Peranan KPPU dalam Industri Digital

Komisi Pengawas Persaingan Usaha (KPPU) dibentuk berdasarkan Undang-undang Nomor 5 Tahun 1999 Tentang Larangan Praktek Monopoli dan Persaingan Usaha Tidak Sehat. Adapun tugas dan wewenang Komisi Pengawas Persaingan Usaha dijabarkan seperti diatur dalam Pasal 35 dan Pasal 36 Undang-Undang Nomor 5 Tahun 1999 Tentang Larangan Praktek Monopoli dan Persaingan Usaha Tidak Sehat.
Pasal 35 Undang-Undang Nomor 5 Tahun 1999
Tugas Komisi meliputi:
a.  melakukan penilaian terhadap perjanjian yang dapat mengakibatkan terjadinya praktek monopoli dan atau persaingan usaha tidak sehat sebagaimana diatur dalam Pasal 4 sampai dengan Pasal 16;
b.   melakukan penilaian terhadap kegiatan usaha dan atau tindakan pelaku usaha yang dapat mengakibatkan terjadinya praktek monopoli dan atau persaingan usaha tidak sehat sebagaimana diatur dalam Pasal 17 sampai dengan Pasal 24;
c.   melakukan penilaian terhadap ada atau tidak adanya penyalahgunaan posisi dominan yang dapat mengakibatkan terjadinya praktek monopoli dan atau persaingan usaha tidak sehat sebagaimana diatur dalam Pasal 25 sampai dengan Pasal 28;
d.   mengambil tindakan sesuai dengan wewenang Komisi sebagaimana diatur dalam Pasal 36;
e.   memberikan saran dan pertimbangan terhadap kebijakan Pemerintah yang berkaitan dengan praktek monopoli dan atau persaingan usaha tidak sehat;
f.    menyusun pedoman dan atau publikasi yang berkaitan dengan Undang- undang ini;
g.   memberikan laporan secara berkala atas hasil kerja Komisi kepada Presiden dan Dewan Perwakilan Rakyat.

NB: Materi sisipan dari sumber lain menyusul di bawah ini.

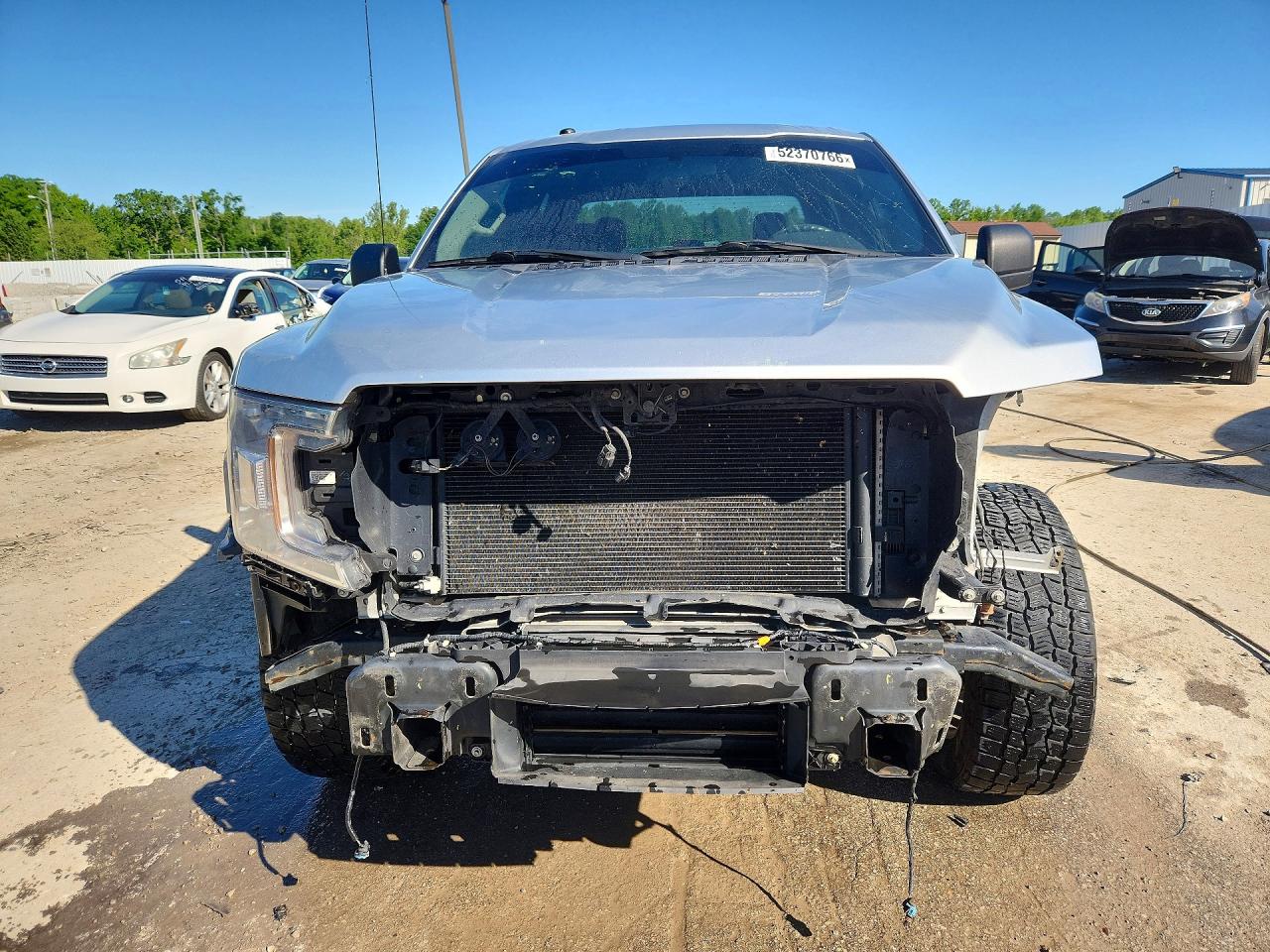 2018 FORD F150 SUPERCREW photo 13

Pasal 36 Undang-undang Nomor 5 Tahun 1999 tentang Larangan Praktek Monopoli dan Persaingan Usaha Tidak Sehat
Wewenang Komisi meliputi:
  1. menerima laporan dari masyarakat dan atau dari pelaku usaha tentang dugaan terjadinya praktek monopoli dan atau persaingan usaha tidak sehat;
  2.  melakukan penelitian tentang dugaan adanya kegiatan usaha dan atau tindakan pelaku usaha yang dapat mengakibatkan terjadinya praktek monopoli dan atau persaingan usaha tidak sehat;
  3. melakukan penyelidikan dan atau pemeriksaan terhadap kasus dugaan praktek monopoli dan atau persaingan usaha tidak sehat yang dilaporkan oleh masyarakat atau oleh pelaku usaha atau menghadirkan pelaku usaha, saksi, saksi ahli, atau setiap orang sebagaimana dimaksud huruf e dan huruf f, yang tidak bersedia memenuhi panggilan Komisi;
  4.  meminta keterangan dari instansi Pemerintah dalam kaitannya dengan penyelidikan dan atau pemeriksaan terhadap pelaku usaha yang melanggar ketentuan undang-undang ini;
  5.  mendapatkan, meneliti, dan atau menilai surat, dokumen, atau alat bukti lain guna penyelidikan dan atau pemeriksaan;
  6. memutuskan dan menetapkan ada atau tidak adanya kerugian di pihak pelaku usaha lain atau masyarakat;
  7.  memberitahukan putusan Komisi kepada pelaku usaha yang diduga melakukan praktek monopoli dan atau persaingan usaha tidak sehat;
  8. menjatuhkan sanksi berupa tindakan administratif kepada pelaku usaha yang melanggar ketentuan Undang-undang ini.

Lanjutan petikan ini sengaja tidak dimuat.